--- Task prompt ---
Write out the data exactly, please, and omit the pictures.

--- Stored data ---
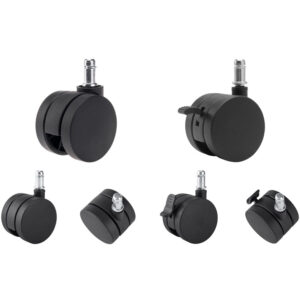 Premium compatible herman miller aeron casters manufactured for global B2B markets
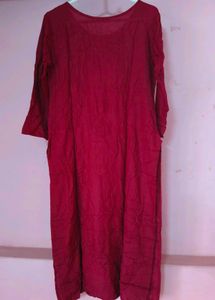 Elegant Maroon Kurta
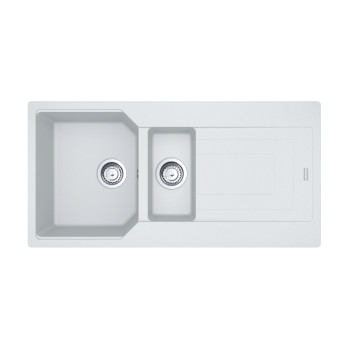 Franke UBG 651 mosogatótálca,gleccser fehér,100x50cm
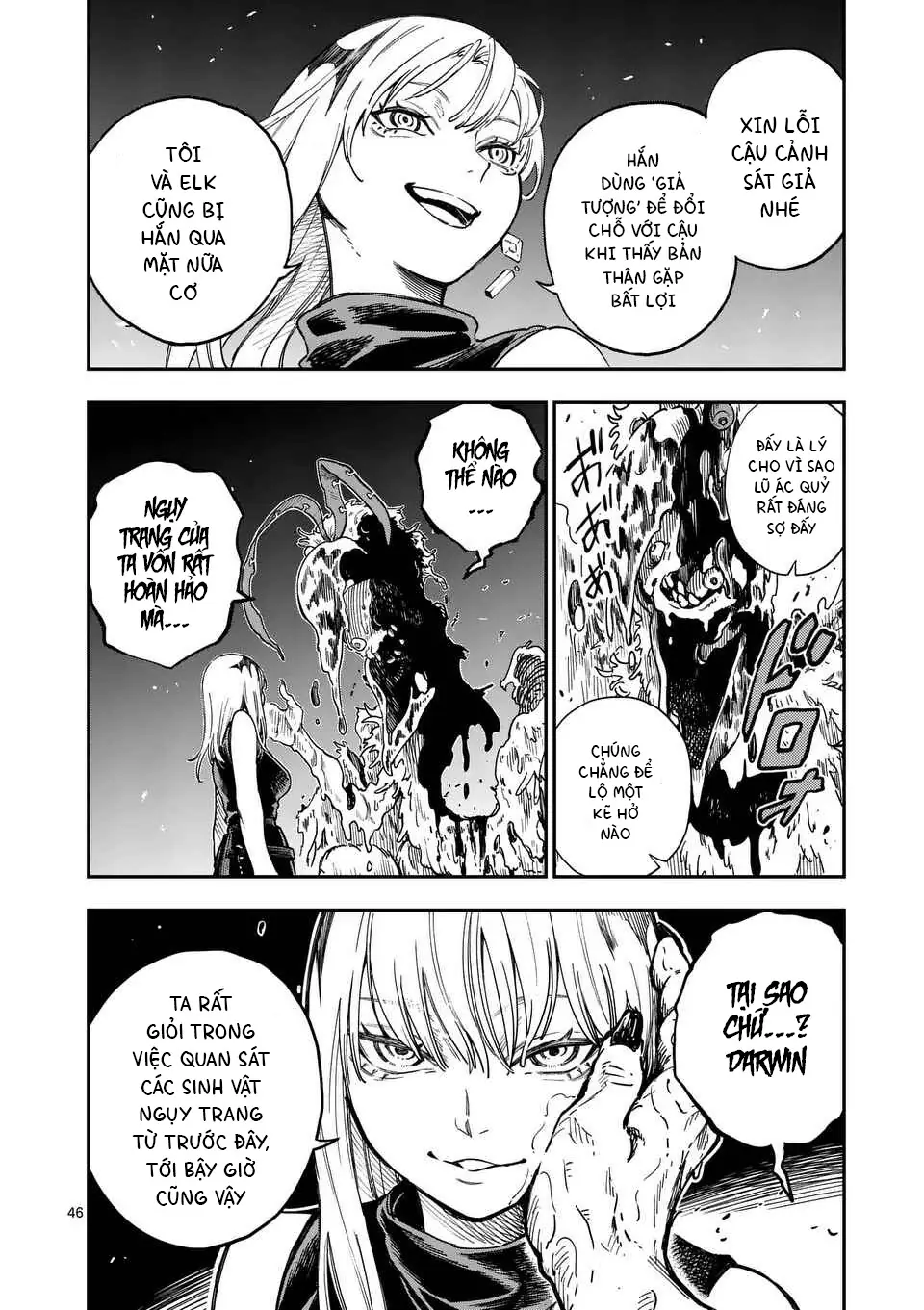 Đại tội của Darwin Chapter 1 - Trang 48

--- Solution for this task ---
 Premium compatible herman miller aeron casters manufactured for global B2B markets
 Elegant Maroon Kurta
 Franke UBG 651 mosogatótálca,gleccser fehér,100x50cm
 Đại tội của Darwin Chapter 1 - Trang 48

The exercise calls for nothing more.